The 5-foot-10, 216-pound junior doesn't have the size of Eckel, a 5-11, 243-pounder who scored on a four-yard touchdown run for the New England Patriots in their victory over Cincinnati Friday. But Hall is quicker -- and a quick learner.
Last season Hall played on the second team, running the same plays as Eckel, which gave him a competitive edge when preseason practice opened this month. Hall expected his main competition to come from Adam Ballard, but the 6-1, 240-pound sophomore suffered a minor hamstring injury that left him unable to practice last week.
"The fullbacks knew that when Kyle left, it was like he shined a big spotlight on us," Ballard said. "It's not going to be easy for anyone who takes over for him."
So with only two freshmen -- Eric Kettani and Justin Guzman -- and sophomore Nic Jesse in the mix, Hall used last Saturday's scrimmage to establish himself as the likely starter when Navy opens its season against Maryland at M&T Bank Stadium on Sept. 3. He rushed for 50 yards on 15 carries and caught two passes for 37 yards.
"Hall is clearly the best fullback, especially with Ballard being out," Coach Paul Johnson said. "Eric Kettani has a chance to be a good player and so does Justin Guzman, but they are freshmen. He should be way ahead of them and he is. Matt has always run hard. He's a good runner. He's not real fast, but he's quick."
Hall flashed an ear-to-ear smile when told of Johnson's comments because he doesn't want to experience life on the second string again.
"My biggest priority during the preseason was to establish myself as a starter," said Hall, who rushed for 63 yards on 19 carries last season. "We still have a few weeks before our first game against Maryland, and I still have to get better, but I like the position I'm in."

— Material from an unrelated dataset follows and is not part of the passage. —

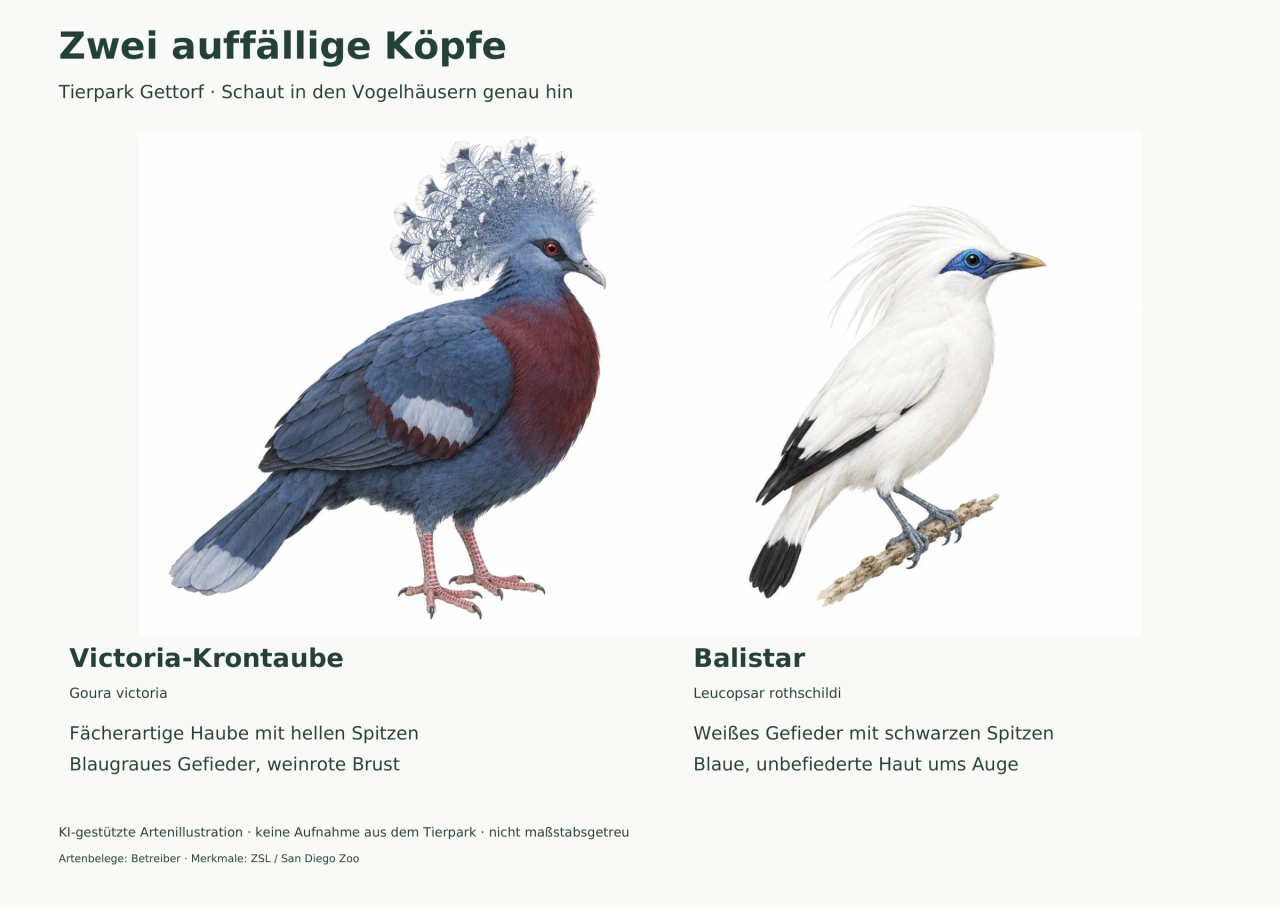 Blaugraue Victoria-Krontaube mit fächerartiger Haube neben einem weißen Balistar mit blauer Haut um das Auge.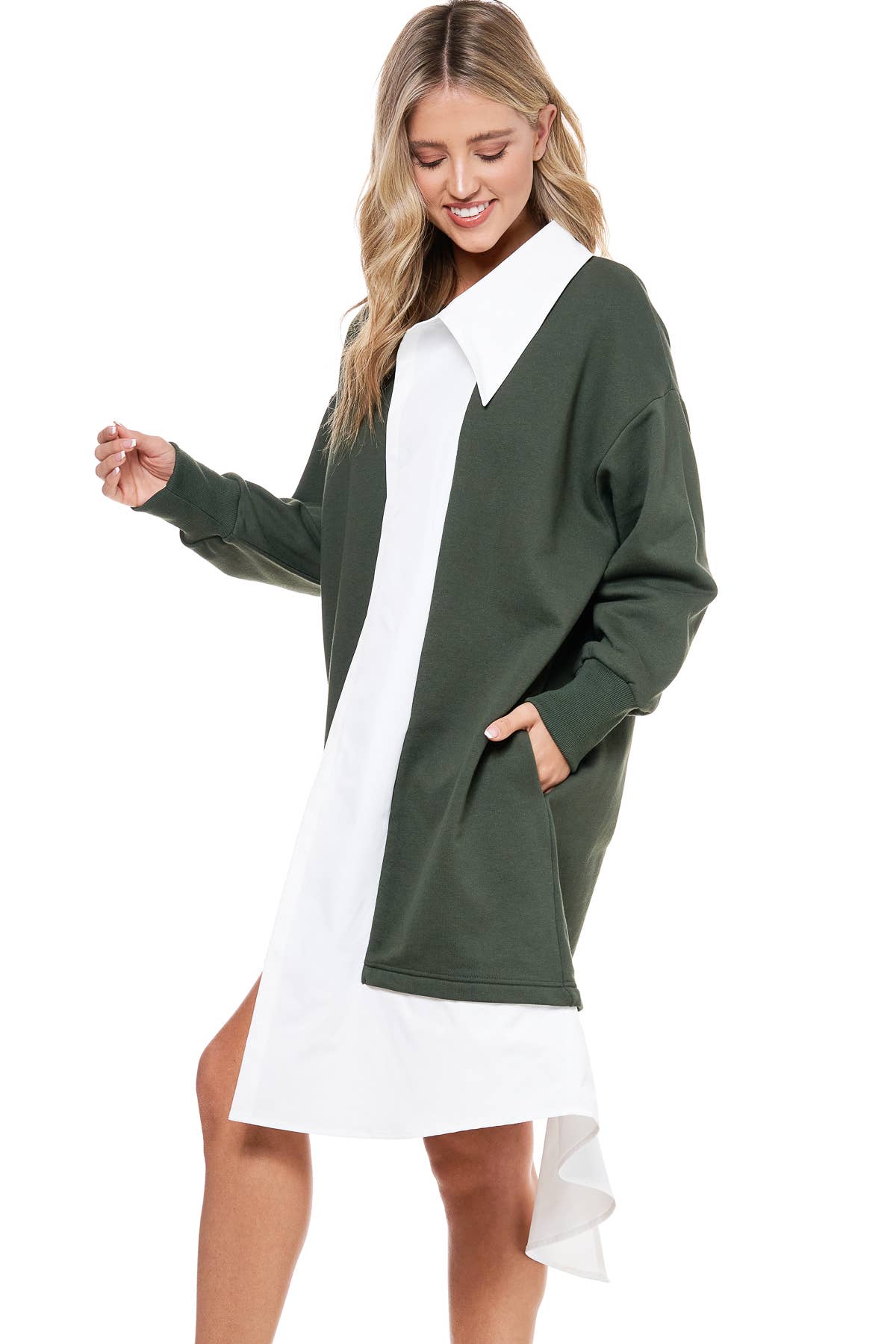 Orange  TOV Midi Shirt Dress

Hall's rise to the top of the depth chart wasn't easy -- in fact, there was a time when his doctor questioned if he'd ever play football again.

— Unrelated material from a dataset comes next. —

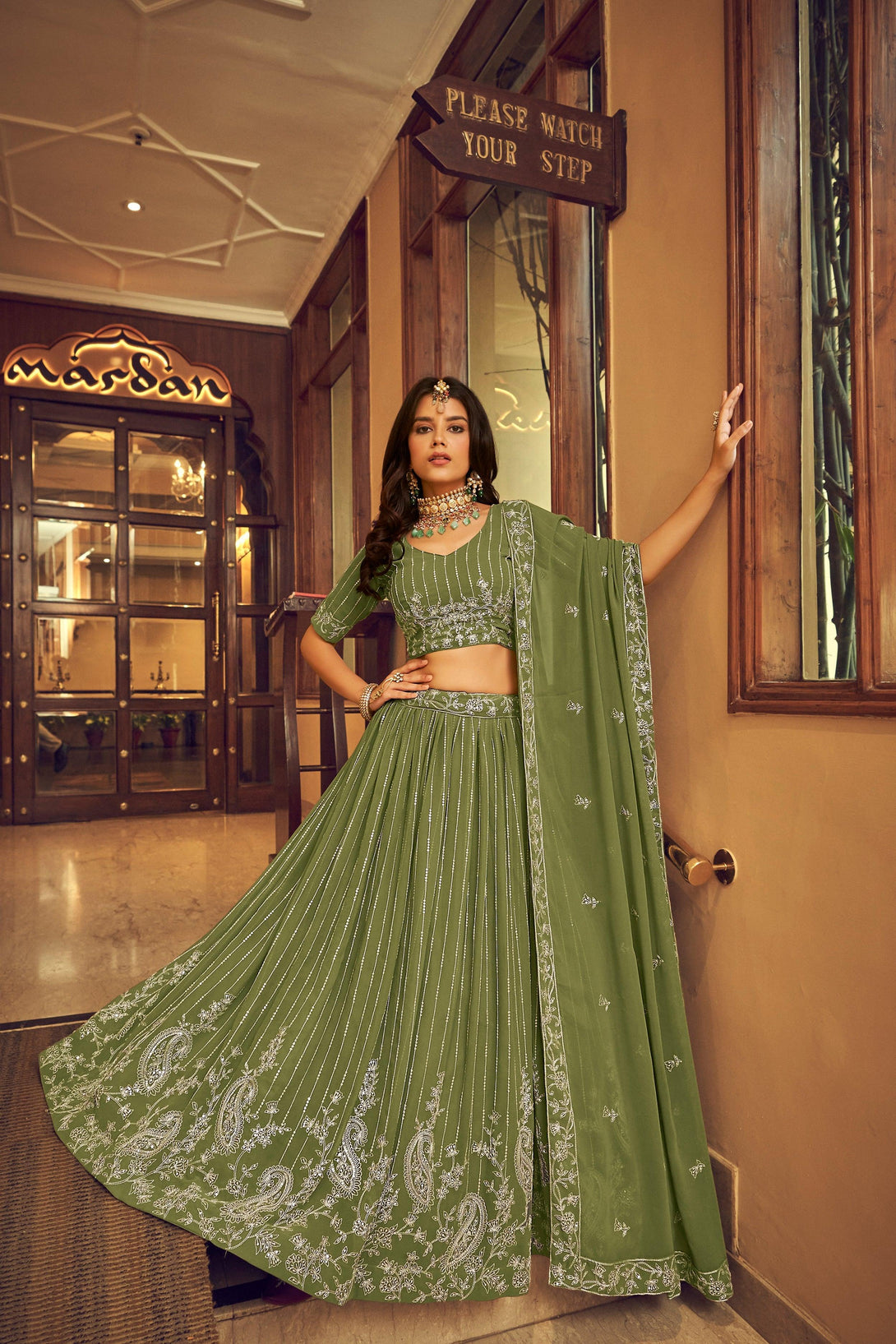 gorgeous Trendy Green Faux Georgette Embroidered Lehenga Choli - Indiakreations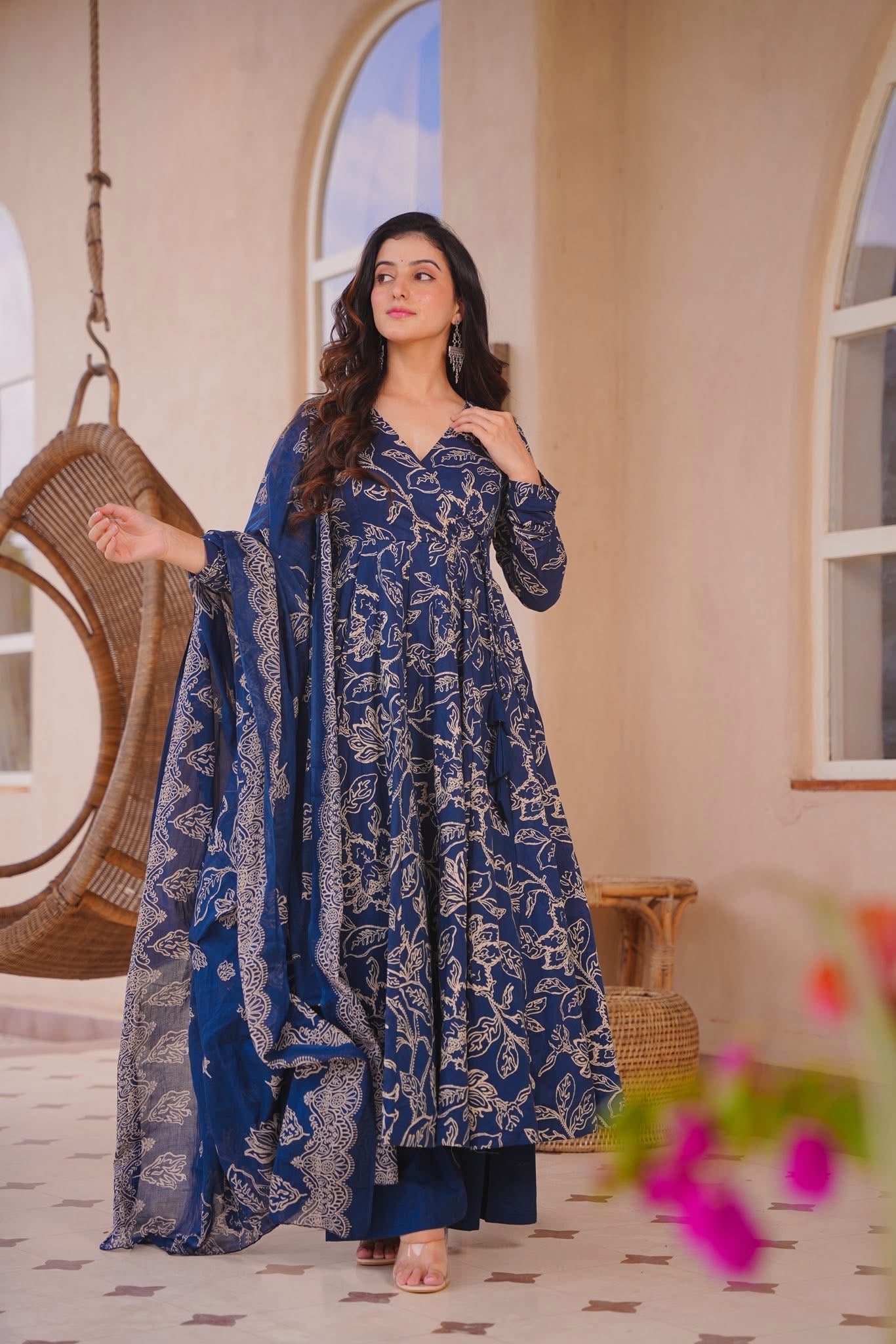 Soumika Blue Cotton Anarkali Suit Set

In 1999, on a late summer afternoon on Florida's west coast, Hall was attending a weeklong overnight football camp with the Bishop Verot High School team when he planted his right leg to tackle a ballcarrier and ended up on his back writhing in pain. His right leg and ankle had been fractured when a teammate dove on his leg while assisting the tackle.
"The first doctor said if I had surgery, I'd be back in six weeks," he said, "so of course I took the surgery. Then things got worse."

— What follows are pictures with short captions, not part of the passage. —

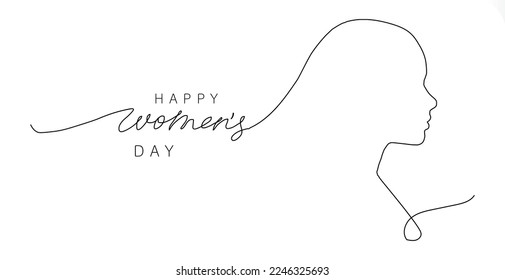 Happy Women's Day greeting card. Continuous one line drawing.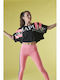 Women's Summer Crop Top Cotton Short Sleeve Black
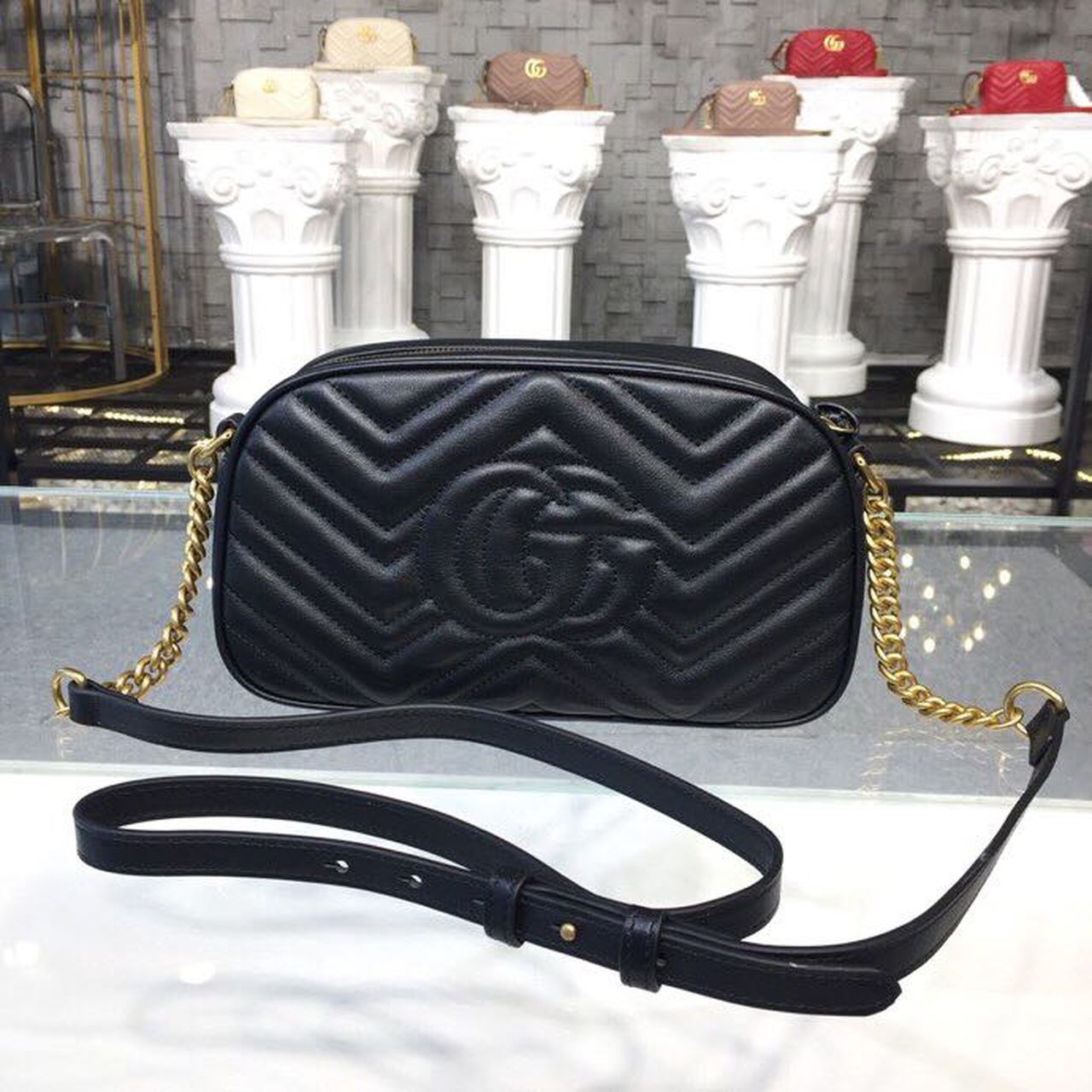 Gucci GG Marmont Small Matelassé Shoulder Bag Black Matelassé Chevron For Women 9.5in/24cm GG 447632 DTD1T 1000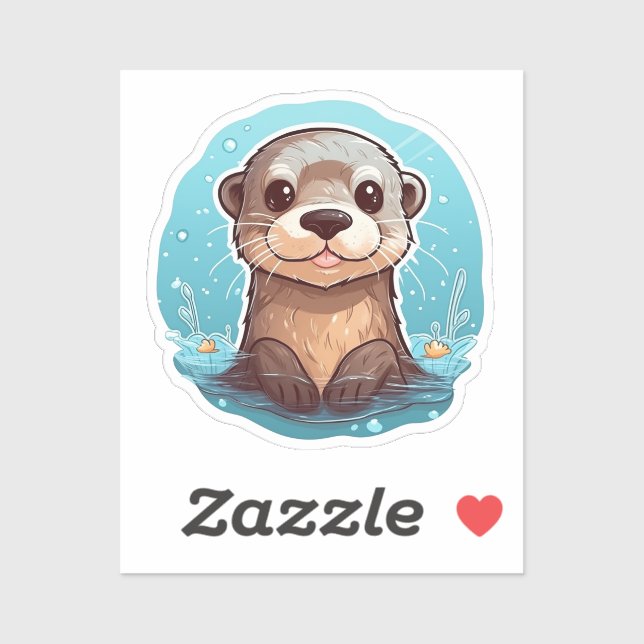 Sticker Illustration de la loutre de dessin (Feuille)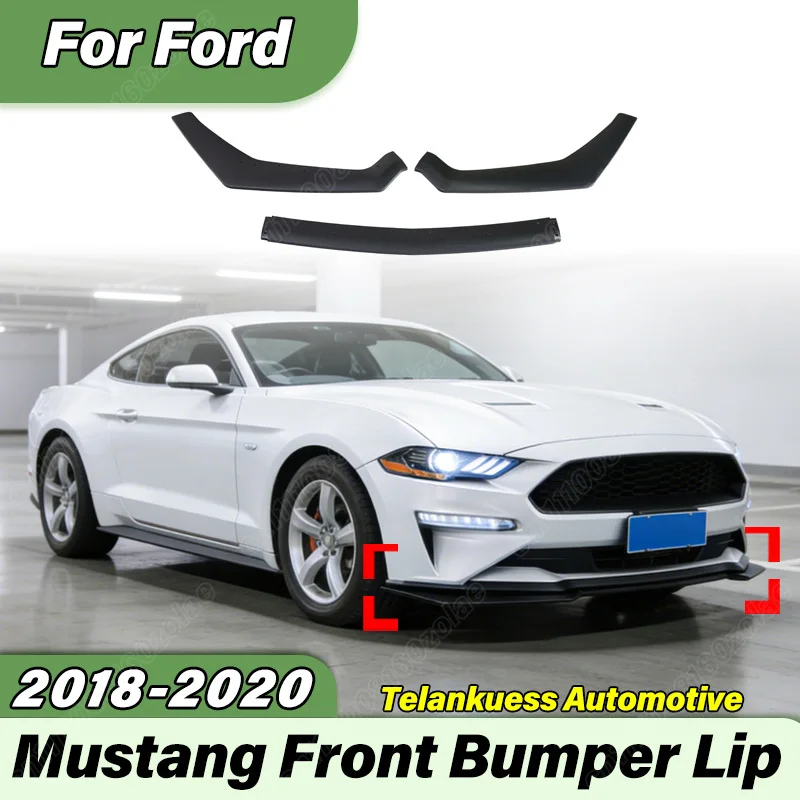 

For Ford Mustang 2018 2019 2020 Automobile GT Style Front Bumper Lip Sports Racing 3PCS Front Lip Body Modification Kit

A staph infection began to eat away at the bone, leaving Hall confined to his bed in Cape Coral, Fla., for eight weeks with an IV stuck in his arm. He wasn't getting better.
"After the second time they tried to cure it and the infection came back, the doctor said there was a chance they might have to amputate his leg from his knee down to stop it from spreading to the rest of his body," said Dave Hall, Matt's father. "At that point, as a father, what can you possibly say to your son? It was bad. We didn't know what was going to happen."
Matt remembers lying awake at night praying. He couldn't envision himself without sports, especially football, a game he had been playing since he was 6 years old.
"You're not done. You're not done," he remembers thinking to himself. "I could never bring myself to think about if I'd played my last game."
The medicine worked, but Hall spent nine weeks in a wheelchair, no longer an athlete that could zigzag his way around upperclassmen as a running back or throw to the ground as the solid tackler he was months earlier.
"At least I made it through," he said. "But it was like having to start over."
He spent countless hours in the weight room to rebuild himself. His road to recovery ended when he made the varsity baseball team that spring and returned to the football team's starting lineup as a junior. A year later, as a senior, he rushed for 1,154 yards and 14 touchdowns on 174 carries.
"I don't think about having to go through what I did that much anymore," he said, pointing to his ankle. "I think about what I have to do right now. The guys on last year's team set the bar pretty high, but looking around I think what we have is just as good as what we had last year. We just haven't had the chance to show people what we can do."